Suppose we have a queue deployed in a 4-node cluster (nodeA, B, C and D) and a producer is sending messages to nodeA at rate 40 messages / sec.
So each node gets 10 messages from the producer per second. Suppose the consumers on each node and their rates are as follows:
NodeA - 2 consumers:
consumer1A : 1 messages / sec
consumer2A : 1 messages / sec
NodeB - 1:
consumer1B : 4 messages / sec
NodeC - 2:
consumer1C : > 5 messages / sec
consumer2C : > 5 messages / sec
NodeD - 1:
consumer1D : > 10 messages /sec
When all are up and running, the queue at nodeC and nodeD will often be empty due to their fast consumer rates.
The queue at nodeA will have messages accumulated at rate 8 messages/sec. The queue at nodeB will have messages accumulated at rate 6 messages/sec.
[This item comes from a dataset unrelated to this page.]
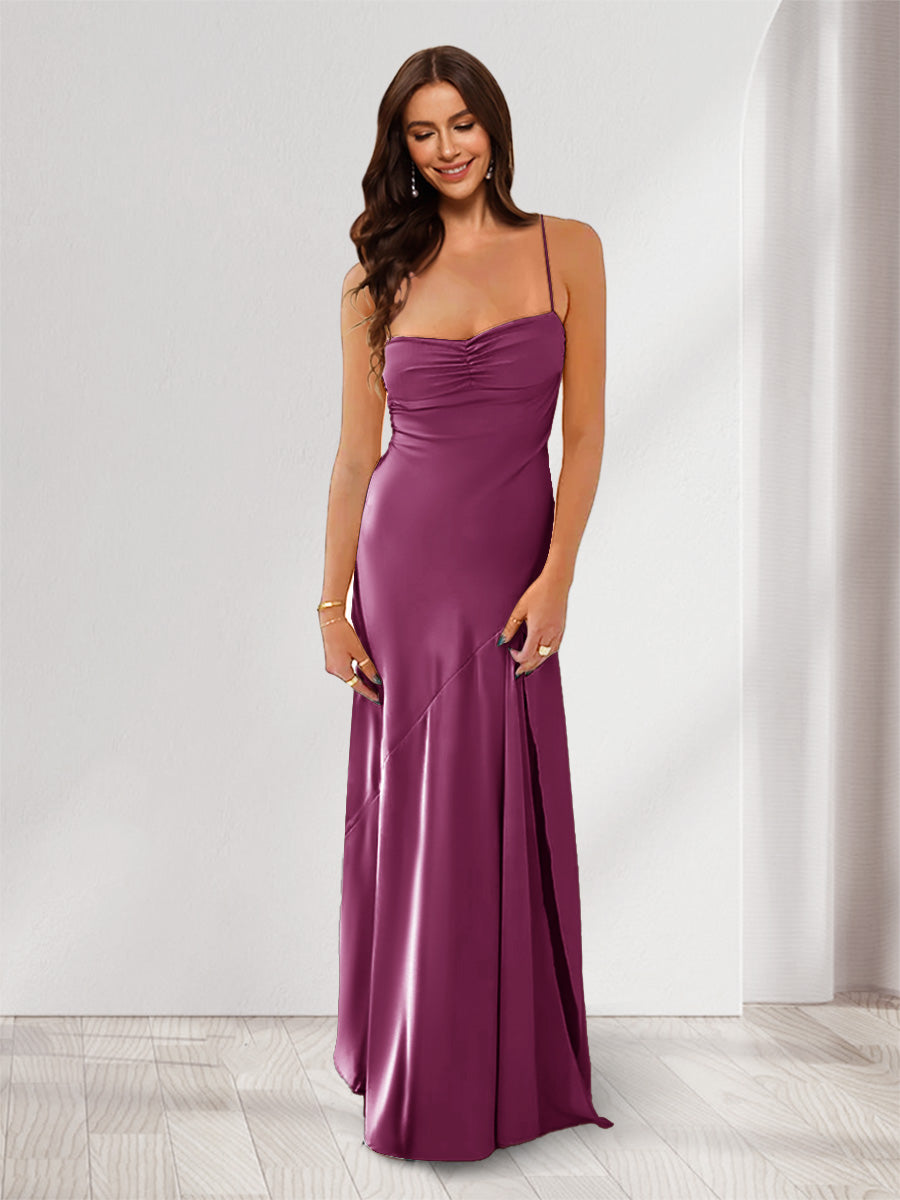Sheath/Column Spaghetti Straps Pleated Long Bridesmaid Dresses with Split Side Orchid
If the producer stops after 30 seconds, the messages at each node:
nodeA : 8 * 30 = 240 messages
nodeB : 6 * 30 = 180 messages
nodeC and nodeD : 0 message
To consume all those messages, node1 will take 240/2 = 120 seconds. Node 2 will take 180/4 = 45 seconds. Node3 and node4 will have been idle during this whole time.
== The proposed solution:
When a node has been idle for a certain time (like 2 sec, configurable), it sends a “STARVATION” notification message. In the above case nodeC and nodeD will send it.
Nodes in the cluster receiving this notifications will trigger a 'message redistribution' as long as they have message in their queues. In the above case:
NodeA receives the notification and triggers a 'message redistribution' on such conditions, and so does nodeB.
== Redistribution Details
Different from the other redistribution (redistribution-delay), this kind of redistribution applies only to nodes that sends the 'STARVATION' notification.
In the above said scenario,
nodeA gets notifications from nodeC and nodeD. It keeps a list of them {nodeC, nodeD}
nodeB too gets notifications from nodeC and nodeD. {nodeC, nodeD}.
So the messages will be redistributed among nodeC and nodeD from nodeA and nodeB.
Not all messages need to be redistributed as the queue still has consumers (even if they're slow).
We can decide how many of the total messages will be redistributed by a fixed ratio (e.g. 50%).
(actual amount may be less because some messages won't get redistributed because of grouping).
With the redistribution, the messages can be even out among nodes in a reasonable time period.